_Supplied records_.
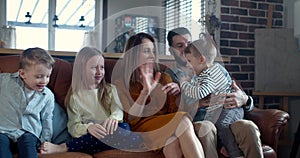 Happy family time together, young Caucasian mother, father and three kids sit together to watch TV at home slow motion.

--

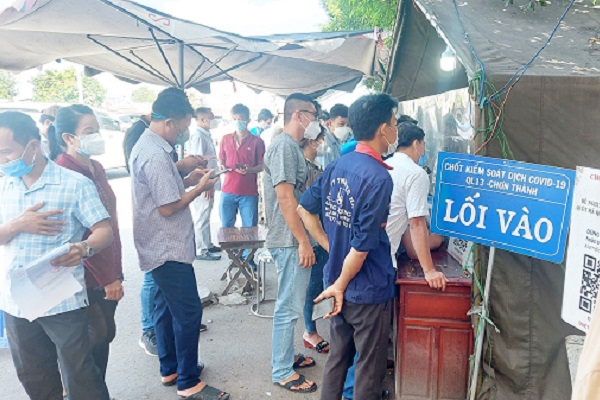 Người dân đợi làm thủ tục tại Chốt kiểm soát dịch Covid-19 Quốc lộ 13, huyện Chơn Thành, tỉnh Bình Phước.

---

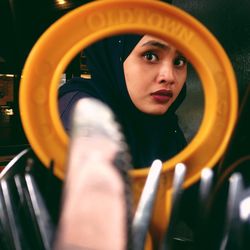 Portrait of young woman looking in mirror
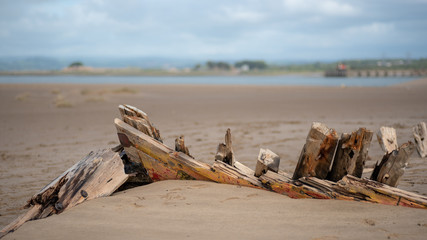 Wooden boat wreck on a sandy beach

_Your objective_.
Keep to the stretch from the line containing "Portrait of young woman looking in mirror" through the line containing "Wooden boat wreck on a sandy beach", both ends included, and copy it exactly from the listing above, minus the pictures.

_Answer space_.
 Portrait of young woman looking in mirror
 Wooden boat wreck on a sandy beach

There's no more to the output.